I just returned from a ten day trip to New York and Philadelphia. The main purpose of the trip was to attend my best friend’s wedding in Philly, but, being from the New York area (Long Island, more accurately) I spent some time visiting my family.
Now, there’s a reason why I live in Alaska and my family is back in New York. Don’t get me wrong, I love them with all my heart, but there’s also a lot of drama I’m not sorry to be missing. I’m also happier raising my kids in a less intense location, and that has nothing to do with my relatives.
While in NY, I stayed in my mother’s place. She bought a house with my sister and brother-in-law a couple of years ago, so I got to see them a lot too. Which is great. I also saw my brothers and their families, which is also great. Mom and Sis had the week off, so we went out shopping, did lunch, got my hair done for the wedding, all sorts of fun things. I know it was a special time, not the day-to-day stuff we all go through. Spirits were high and the love was flowing. But it made me realize how much I miss having them around. My mother and sister share things I will never be part of as long as I live where I am.
“Let’s get lunch!”
“Hey, can you watch the dogs/cats while I’m gone for the day?”
“How about roast beef for Sunday dinner rather than ham?”
Despite the frustrations of living near family, I miss them terribly. My kids don’t have the opportunity to get to know their grandma, aunts, uncles and cousins like I did. Yes, I chose to move to Alaska, but that doesn’t mean it’s not without its shortcomings. Distance from family, mine and my husband’s, is one of those shortcomings we’ve learned to deal with.
I particularly miss my sister. We weren’t close as kids, running with two very different crowds, but now that we’re adults we have a lot more in common. I want to share more daily things with her. I want to go shopping, ask her opinion on my hair and clothes (OK, maybe not). I want our families to get together for holidays, summer barbeques and Sunday football. I want my sister more than once a year, maybe, or as a voice across the continent.
But alas…
Sis, brother-in-law, and mom drove me to Philly, so our good-bye was not the teary-eyed airport event it could have been. Sad, yes, but we held together.

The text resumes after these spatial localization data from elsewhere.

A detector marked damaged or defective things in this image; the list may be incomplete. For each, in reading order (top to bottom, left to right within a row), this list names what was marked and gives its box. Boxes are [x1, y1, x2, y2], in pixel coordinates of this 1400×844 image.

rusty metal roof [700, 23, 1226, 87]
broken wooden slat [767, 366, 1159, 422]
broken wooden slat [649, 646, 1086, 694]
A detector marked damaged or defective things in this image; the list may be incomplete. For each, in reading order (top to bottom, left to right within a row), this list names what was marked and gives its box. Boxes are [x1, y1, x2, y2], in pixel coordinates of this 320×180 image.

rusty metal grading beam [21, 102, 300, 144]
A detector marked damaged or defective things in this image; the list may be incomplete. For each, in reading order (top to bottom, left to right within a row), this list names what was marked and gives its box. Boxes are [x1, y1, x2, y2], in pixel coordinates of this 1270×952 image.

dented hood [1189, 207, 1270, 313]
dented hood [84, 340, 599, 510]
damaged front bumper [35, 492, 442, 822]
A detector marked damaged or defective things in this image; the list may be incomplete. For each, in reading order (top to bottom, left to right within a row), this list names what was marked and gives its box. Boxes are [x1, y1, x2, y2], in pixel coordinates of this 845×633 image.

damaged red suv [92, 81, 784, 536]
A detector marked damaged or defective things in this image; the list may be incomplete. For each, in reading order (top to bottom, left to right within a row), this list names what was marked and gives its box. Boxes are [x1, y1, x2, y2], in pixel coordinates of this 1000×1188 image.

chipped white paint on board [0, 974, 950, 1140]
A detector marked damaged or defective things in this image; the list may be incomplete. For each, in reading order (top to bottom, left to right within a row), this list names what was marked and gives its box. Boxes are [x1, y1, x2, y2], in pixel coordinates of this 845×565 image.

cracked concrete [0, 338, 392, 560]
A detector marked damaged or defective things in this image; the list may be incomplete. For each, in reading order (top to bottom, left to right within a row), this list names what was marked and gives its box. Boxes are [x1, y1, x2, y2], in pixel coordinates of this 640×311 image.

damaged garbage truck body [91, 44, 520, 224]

But I realized something over the next few days of wedding preparation with my friend: I was in the same situation with her as I am with my blood sister.
Sharron and I met in college in Fairbanks and became fast friends. For the last twenty-five years, we’ve managed to see each other almost yearly, talk on the phone just about weekly, and share parts of our lives like sisters. I cried with her when relationships went to hell and rejoiced when love was found. It was an honor to be in her wedding, as I was in my sister’s.
Hanging out with my friend was similar to being in NY, not typical day-to-day stuff, but I still wanted to share that with her. I want to catch a movie or do lunch. I want to have her and her new husband over for dinner or for game night. I want my sister-from-another-mother.
Another friend was in for the wedding as well, and the three of us spent a day running around shopping, laughing, and making each others’ sides ache. Again, not the daily angst of work and family, but I could see us helping each other through tough times and rejoicing in the good times.
Some of my sisters I only know through email or Twitter or Facebook. Some I may have met only once or twice. But it’s there, that spark of recognition that we understand each other, that we can depend on one another to lend an ear, a shoulder, a hand.
Sisters share a special bond. These women are my sisters as much as my blood sister. I want them in my life. I want them with me through all the highs and lows. The distance makes it difficult, but the love makes it bearable.